Saturday, August 4, 2018

Binary interface files with Shimmer

Over the last couple of months I've merged three big changes that continue to move DDC in the direction of a real compiler rather than a research experiment:
  1. Support for binary interface files via the shimmer project.
  2. Reworked the type checker and compiler driver to only require interface files for directly imported modules, rather than all transitively imported modules.
  3. Rewrote the LLVM code printer to write directly to file, instead of going via a pretty printer.
Shimmer: Shimmer is a scheme-like language intended as a shim between compiler stages and intermediate languages.

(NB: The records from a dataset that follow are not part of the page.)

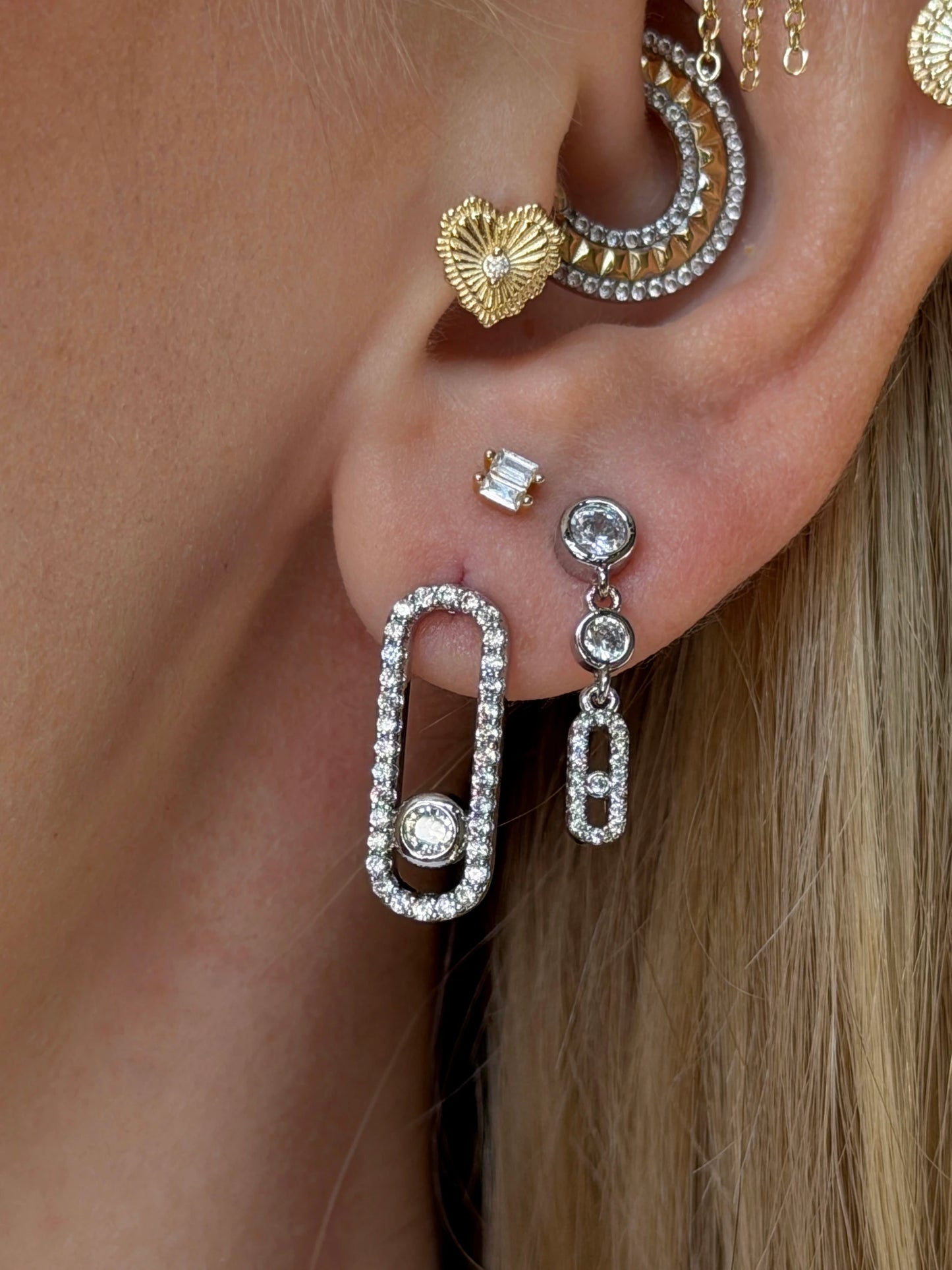 Gümüş Rengi Sallantılı Messi Model Kadın Küpe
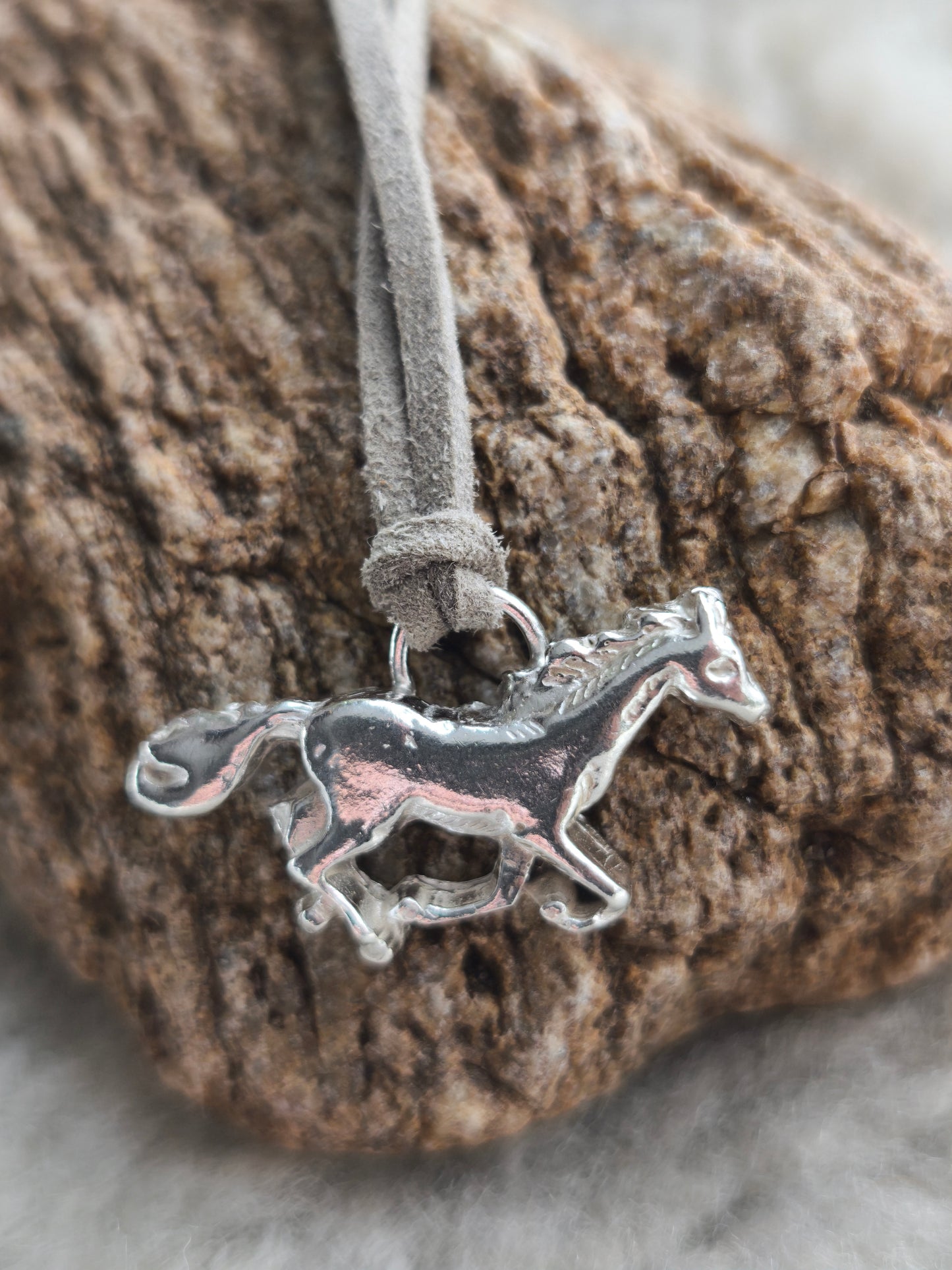 Dije Horse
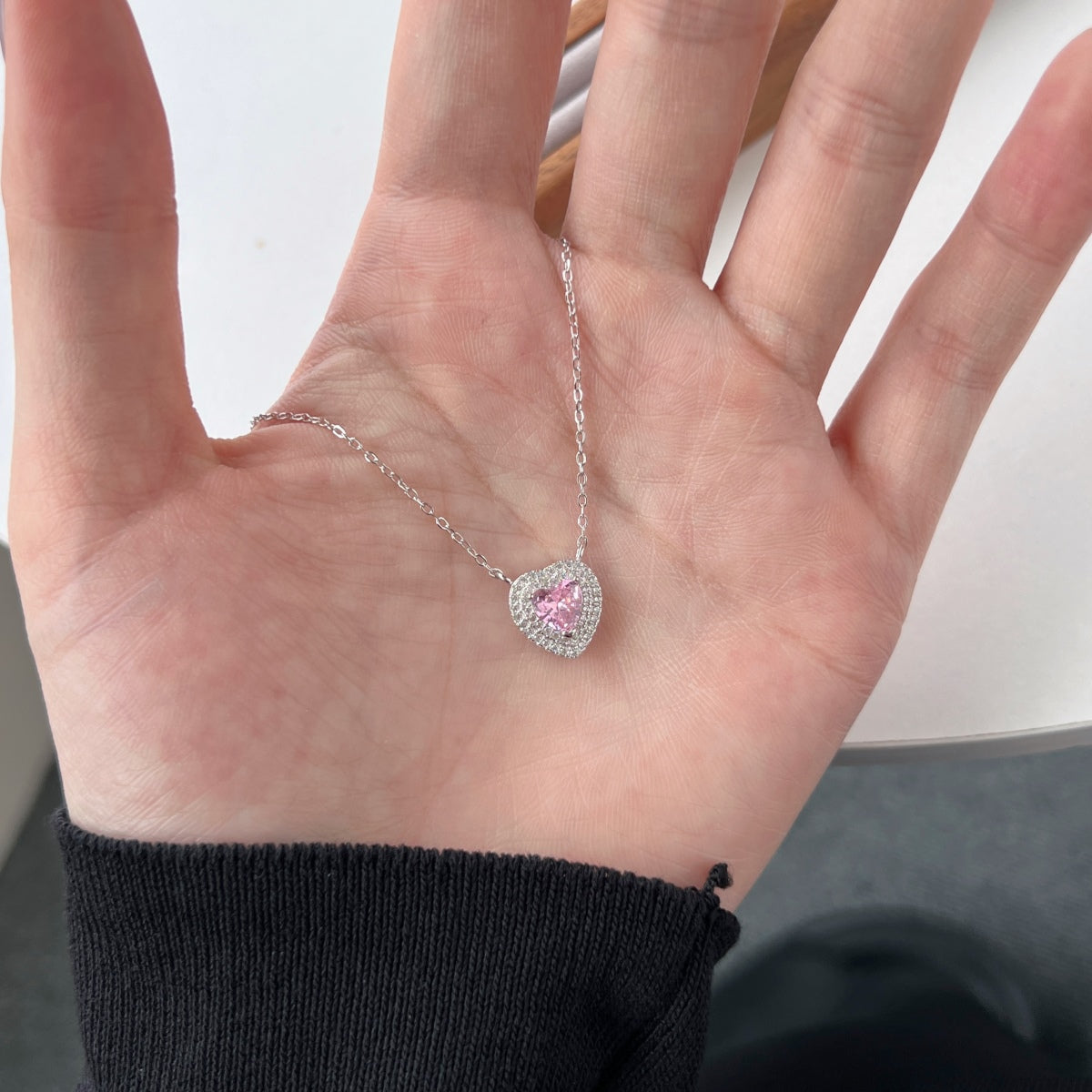 [BASLOVE]Exquisite Heart Shape Necklace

It provides a s-expression syntax and untyped functional intermediate language in which higher level languages can be encoded. It also has a native binary format, as well as its own REPL for testing. Shimmer is available as a hackage package.

DDC interface files are now serialised as binary shimmer files, using the grammar described on the Discus homepage. These files can be dumped in human readable (sort-of) form using the shimmer CLI that comes with the hackage package. For example, once you've build the DDC base libraries you can do:

$ shimmer -load src/s2/base/Data/List.di
+m-name = %module-name "Data" "List";

+m-deps = %l (%module-name "Class" "Applicative") ...

...

@d-Applicative 
   = %d-alg (%module-name "Class" "Applicative") "Applicative" 
      (%l (%bn "f" (%ta %tkf %tkd %tkd))) 
      (%s (%l (%ctor #nat'0 (%module-name "Class" "Applicative") "Applicative" 
              (%tu "Functor" "f") 
              (%tl (%bn "a" %tkd) (%tf "a" (%ta "f" "a"))) 
              (%tl (%bn "a" %tkd) (%tl (%bn "b" %tkd) (%tf (%ta "f" (%tf "a" "b")) (%ta "f" "a") (%ta "f" "b")))) 
                                  (%tu "Applicative" "f"))));
...

@t-mapMaybe 
 = %tl (%bn "a" %tkd) (%tl (%bn "b" %tkd) 
         (%tf (%tf "a" (%tu "Maybe" "b")) (%tu "List" "a") (%tu "List" "b")));

@x-mapMaybe 
 = %xb (%mtn "a" %tkd) (%mtn "b" %tkd) 
       (%mxn "f"  (%tf "a" (%tu "Maybe" "b"))) 
       (%mxn "xx" (%tu "List" "a")) 
       (%xc "xx"  (%ab (%dcn %n %n (%dc "Nil"))  (%xa (%dcn %n %n (%dc "Nil")) (%rt "b"))) 
                  (%ab (%dcn %n %n (%dc "Cons")) (%bn "x" "a") (%bn "xs" (%tu "List" "a")) 
                  (%xc (%xa "f" "x") (%ab (%dcn %n %n (%dc "Nothing")) (%xa "mapMaybe" (%rt "a") (%rt "b") "f" "xs")) 
                                     (%ab (%dcn %n %n (%dc "Just")) (%bn "x'" "b") 
                                          (%xa (%dcn %n %n (%dc "Cons")) (%rt "b") "x'" 
                                          (%xa "mapMaybe" (%rt "a") (%rt "b") "f" "xs"))))));

This is a simple encoding of the AST of the DDC Core intermediate language. For example @d-Applicative gives the data type declaration for an Applicative type class dictionary. @t-mapMaybe encodes the type of the mapMaybe function, and @x-mapMaybe encodes the declaration. %tl means "forall", %xb is a lambda binder, %xc a case expression, %xa an application, and so on. See the grammar for the rest.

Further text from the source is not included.